Maybe that's why we get the students we do -- they're testing the waters, seeing if they *are* grad school material, which is a good use of our 2-year program, I think. Our majors, by the way, are very similar to yours -- a little afraid they're not cut out for it. It's kind of a bummer, really.

Karl Steel said...

Ah, Pasties! There's a version of the South English Legendary that has the story of Nicholas and the Three Clerks (summary: three clerks stay the night at a butcher's. During the night, at the bidding of his wife (Lady MacBeth avant le lettre?), the butcher murders them, steals what little they have, and, in this version, turns them into pasties.

So, Nicholas shows up, "and axed of him what he hadde, and what to sillin wolde.” The butcher “answered baldeliche, pasties and pyes he hadde / and good chep." I love it. It reminds me of that old Hitchcock program where a woman murders her husband by battering him with a frozen roast. She then cooks the roast and feeds it to the cops when they show up to investigate. (eventually, of course, Nicholas resurrects the clerks)

Anniina said...

Yup, we Finns do get around. When I was looking at colleges in the US, I got a scholarship from some place in the middle of a field 3 hrs from any major town, for Finnish studies... and I was thinking... OK, I'd stay in Finland, if I wanted to study that, heheh.

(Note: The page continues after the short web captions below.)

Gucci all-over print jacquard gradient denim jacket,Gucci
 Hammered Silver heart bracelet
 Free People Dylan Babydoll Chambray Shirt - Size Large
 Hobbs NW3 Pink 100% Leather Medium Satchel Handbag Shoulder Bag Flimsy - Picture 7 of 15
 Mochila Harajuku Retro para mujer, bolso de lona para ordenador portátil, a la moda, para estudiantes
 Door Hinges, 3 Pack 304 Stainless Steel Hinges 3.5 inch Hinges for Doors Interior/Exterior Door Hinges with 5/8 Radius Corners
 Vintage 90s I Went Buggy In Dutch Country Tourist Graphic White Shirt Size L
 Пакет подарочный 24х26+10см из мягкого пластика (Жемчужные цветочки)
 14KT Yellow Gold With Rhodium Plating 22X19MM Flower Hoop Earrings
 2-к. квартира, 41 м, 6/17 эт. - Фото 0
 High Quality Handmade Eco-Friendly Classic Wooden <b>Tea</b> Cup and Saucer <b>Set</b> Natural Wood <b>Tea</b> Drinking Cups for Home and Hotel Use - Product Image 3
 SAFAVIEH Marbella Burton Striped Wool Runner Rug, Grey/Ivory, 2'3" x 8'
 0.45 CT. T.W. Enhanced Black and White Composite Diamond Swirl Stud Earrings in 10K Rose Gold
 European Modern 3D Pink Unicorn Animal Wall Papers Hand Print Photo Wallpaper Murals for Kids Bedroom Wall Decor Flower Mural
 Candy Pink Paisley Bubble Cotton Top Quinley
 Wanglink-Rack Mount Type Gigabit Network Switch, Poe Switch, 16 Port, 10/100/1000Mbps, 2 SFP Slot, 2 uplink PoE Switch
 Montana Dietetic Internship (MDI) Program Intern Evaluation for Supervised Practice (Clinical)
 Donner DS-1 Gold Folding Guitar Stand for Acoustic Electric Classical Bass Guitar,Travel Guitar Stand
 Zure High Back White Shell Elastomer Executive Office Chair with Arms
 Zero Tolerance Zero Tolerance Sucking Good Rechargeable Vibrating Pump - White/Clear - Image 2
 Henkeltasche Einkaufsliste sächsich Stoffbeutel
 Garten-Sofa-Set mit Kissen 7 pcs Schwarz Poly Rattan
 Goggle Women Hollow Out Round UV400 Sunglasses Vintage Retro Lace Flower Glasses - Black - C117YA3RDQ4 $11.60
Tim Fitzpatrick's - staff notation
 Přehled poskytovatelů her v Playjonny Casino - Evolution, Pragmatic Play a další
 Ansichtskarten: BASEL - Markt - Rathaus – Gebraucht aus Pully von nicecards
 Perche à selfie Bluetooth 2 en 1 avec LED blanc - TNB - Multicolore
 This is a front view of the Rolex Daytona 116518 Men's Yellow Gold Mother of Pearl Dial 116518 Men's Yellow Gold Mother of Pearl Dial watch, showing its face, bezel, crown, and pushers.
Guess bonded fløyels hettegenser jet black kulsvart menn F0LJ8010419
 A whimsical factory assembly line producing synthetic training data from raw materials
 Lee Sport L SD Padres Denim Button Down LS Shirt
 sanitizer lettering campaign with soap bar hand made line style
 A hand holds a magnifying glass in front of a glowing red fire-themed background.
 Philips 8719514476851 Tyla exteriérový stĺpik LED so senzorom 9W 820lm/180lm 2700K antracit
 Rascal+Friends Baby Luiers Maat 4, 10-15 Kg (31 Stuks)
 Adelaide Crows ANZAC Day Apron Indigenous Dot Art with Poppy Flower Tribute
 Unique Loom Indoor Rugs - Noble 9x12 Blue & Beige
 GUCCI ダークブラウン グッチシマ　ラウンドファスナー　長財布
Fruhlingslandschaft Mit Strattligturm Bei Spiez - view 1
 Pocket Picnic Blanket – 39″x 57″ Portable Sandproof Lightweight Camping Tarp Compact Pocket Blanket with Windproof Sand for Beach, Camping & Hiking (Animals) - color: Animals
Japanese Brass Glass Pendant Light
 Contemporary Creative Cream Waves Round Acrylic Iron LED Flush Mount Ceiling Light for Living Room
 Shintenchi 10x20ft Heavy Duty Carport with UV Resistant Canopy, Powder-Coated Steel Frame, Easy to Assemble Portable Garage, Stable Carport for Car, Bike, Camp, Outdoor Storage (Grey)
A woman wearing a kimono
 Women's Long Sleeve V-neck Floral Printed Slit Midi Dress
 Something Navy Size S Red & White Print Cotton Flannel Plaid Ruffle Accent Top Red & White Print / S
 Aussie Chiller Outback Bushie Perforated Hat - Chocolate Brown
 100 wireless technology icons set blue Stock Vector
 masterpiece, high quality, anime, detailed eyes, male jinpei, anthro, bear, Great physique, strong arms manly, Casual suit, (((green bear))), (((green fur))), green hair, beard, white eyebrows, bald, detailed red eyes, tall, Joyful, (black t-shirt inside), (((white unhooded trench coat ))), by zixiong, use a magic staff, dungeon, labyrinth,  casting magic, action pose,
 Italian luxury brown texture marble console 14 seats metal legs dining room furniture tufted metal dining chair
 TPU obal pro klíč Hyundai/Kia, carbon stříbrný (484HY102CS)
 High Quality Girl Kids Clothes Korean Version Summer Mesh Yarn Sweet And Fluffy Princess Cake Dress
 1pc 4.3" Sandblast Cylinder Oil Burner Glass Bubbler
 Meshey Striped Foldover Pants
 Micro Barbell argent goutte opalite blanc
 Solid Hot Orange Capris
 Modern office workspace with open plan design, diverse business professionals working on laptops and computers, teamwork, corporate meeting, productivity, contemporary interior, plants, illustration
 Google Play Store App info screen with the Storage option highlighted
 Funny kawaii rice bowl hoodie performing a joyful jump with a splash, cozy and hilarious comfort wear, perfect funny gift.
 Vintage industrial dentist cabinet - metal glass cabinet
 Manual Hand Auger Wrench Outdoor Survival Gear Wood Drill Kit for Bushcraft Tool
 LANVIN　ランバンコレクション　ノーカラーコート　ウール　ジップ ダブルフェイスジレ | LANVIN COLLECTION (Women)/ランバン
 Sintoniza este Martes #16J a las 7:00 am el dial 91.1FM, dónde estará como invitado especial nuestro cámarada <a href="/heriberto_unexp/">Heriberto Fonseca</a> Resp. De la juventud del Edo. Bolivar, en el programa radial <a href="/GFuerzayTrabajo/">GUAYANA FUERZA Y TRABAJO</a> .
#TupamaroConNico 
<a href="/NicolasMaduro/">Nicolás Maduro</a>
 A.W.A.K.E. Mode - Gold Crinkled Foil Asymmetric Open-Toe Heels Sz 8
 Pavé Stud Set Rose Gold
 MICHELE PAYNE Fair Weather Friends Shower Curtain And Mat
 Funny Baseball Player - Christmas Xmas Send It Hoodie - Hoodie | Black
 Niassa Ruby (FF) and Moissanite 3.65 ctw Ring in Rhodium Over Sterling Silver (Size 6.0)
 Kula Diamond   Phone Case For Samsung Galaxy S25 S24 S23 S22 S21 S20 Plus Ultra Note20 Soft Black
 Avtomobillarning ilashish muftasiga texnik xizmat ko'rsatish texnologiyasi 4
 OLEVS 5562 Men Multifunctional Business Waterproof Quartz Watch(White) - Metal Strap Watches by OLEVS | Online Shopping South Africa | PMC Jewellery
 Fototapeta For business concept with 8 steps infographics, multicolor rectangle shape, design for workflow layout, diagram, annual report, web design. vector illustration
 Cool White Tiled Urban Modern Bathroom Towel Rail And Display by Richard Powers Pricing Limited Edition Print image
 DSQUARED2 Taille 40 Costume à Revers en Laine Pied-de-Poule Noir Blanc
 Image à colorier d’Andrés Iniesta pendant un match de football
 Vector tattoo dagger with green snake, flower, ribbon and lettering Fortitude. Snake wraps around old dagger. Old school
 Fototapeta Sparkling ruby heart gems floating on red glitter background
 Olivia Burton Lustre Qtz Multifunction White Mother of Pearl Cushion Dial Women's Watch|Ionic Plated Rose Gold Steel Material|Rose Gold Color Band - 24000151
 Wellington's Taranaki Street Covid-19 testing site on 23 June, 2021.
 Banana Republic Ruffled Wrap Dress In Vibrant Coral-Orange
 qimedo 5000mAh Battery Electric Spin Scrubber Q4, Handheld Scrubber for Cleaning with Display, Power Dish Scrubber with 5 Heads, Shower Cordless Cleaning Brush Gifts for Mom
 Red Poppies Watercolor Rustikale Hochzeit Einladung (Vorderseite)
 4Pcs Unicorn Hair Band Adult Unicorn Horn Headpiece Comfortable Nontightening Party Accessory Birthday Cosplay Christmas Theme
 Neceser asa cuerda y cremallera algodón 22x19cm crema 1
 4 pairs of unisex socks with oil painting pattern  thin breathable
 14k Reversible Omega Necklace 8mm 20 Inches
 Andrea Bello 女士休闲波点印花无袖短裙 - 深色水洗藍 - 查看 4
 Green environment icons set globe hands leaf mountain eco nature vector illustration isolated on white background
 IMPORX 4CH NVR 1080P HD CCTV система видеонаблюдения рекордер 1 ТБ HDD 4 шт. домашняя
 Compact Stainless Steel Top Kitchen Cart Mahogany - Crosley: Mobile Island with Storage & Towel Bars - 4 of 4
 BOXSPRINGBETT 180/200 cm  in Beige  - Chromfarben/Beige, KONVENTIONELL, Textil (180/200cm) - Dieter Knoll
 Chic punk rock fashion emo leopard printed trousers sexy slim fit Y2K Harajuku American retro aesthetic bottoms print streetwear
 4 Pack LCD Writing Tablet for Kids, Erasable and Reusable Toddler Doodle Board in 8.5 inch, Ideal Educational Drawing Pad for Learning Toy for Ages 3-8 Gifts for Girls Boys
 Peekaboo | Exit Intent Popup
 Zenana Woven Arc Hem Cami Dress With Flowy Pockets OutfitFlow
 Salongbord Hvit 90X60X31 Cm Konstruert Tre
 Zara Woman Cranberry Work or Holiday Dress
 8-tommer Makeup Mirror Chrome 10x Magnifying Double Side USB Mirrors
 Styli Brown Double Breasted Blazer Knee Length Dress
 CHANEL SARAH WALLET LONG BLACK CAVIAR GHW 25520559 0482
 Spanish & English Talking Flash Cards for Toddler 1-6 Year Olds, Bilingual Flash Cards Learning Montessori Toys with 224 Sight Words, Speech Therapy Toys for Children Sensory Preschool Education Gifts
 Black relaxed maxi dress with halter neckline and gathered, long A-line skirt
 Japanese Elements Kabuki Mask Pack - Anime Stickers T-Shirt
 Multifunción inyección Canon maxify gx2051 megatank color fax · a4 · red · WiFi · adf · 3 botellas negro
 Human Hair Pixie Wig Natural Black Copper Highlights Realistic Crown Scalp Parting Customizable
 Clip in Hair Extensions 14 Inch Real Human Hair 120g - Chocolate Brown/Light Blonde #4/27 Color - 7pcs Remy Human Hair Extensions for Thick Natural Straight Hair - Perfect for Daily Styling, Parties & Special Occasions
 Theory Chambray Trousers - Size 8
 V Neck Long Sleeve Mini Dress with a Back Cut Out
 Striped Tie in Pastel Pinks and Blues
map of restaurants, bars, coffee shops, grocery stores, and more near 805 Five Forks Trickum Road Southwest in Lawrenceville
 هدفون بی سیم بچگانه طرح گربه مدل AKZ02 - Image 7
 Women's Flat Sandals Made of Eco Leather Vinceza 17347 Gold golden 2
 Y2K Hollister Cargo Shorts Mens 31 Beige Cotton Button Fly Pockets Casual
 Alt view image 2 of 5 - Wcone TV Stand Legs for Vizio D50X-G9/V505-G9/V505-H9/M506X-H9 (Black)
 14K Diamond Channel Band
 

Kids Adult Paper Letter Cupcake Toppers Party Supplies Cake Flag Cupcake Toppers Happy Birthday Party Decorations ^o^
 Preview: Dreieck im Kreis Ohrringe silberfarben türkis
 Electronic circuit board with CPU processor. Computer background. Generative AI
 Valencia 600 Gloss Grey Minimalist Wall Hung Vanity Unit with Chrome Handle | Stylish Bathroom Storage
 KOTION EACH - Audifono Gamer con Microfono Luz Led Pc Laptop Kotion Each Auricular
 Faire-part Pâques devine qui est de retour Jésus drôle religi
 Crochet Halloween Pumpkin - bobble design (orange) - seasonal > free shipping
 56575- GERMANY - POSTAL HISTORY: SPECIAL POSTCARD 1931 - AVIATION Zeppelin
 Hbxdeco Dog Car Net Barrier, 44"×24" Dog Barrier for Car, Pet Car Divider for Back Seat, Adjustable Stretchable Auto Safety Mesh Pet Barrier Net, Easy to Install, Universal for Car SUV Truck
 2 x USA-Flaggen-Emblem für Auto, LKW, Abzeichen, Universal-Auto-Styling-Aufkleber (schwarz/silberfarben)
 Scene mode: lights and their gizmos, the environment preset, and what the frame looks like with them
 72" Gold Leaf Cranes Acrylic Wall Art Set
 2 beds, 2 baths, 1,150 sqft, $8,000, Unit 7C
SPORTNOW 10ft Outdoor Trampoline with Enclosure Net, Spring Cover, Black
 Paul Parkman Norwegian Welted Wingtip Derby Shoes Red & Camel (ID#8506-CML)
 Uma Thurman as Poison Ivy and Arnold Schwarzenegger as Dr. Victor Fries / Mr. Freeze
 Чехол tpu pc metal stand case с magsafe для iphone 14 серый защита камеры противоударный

But I guess it's cool that someone wants to study us - after all, we do have the Kalevala, Tolkien based Elvish on Finnish, and.... Santa Clause lives in Finland. Man, I'm sounding like a commercial. Weird, since I prefer living in the US :P

Dr. Virago said...

Anniina, the scholarship to do Finnish studies is hilarious! Yeah, why *would* you go all the way to the middle of nowhere to do that when you were already in Finland! Btw, in my original post I should've said that Finlandia was the only university *in the US* founded by Finns (but I'm sure you figured that out). Anyway, I think it's cool. If I were independently wealthy and had a summer place on the Upper Peninsula, I'd totally take Finnish Studies courses there every summer! The UP in the summer is *gorgeous* but pretty remote. And then there are the black flies...Hmm...maybe better to get the imaginary summer house in Finland itself!

Anniina said...

Yes, I do suggest the imaginary summer house in Finland itself - after all, no black flies there. And whence better to study the natives, than from the comfort of your own little imaginary cottage on the shore of a lake, while your imaginary salmon catch is simmering on a fire for a wonderful imaginary summer dinner!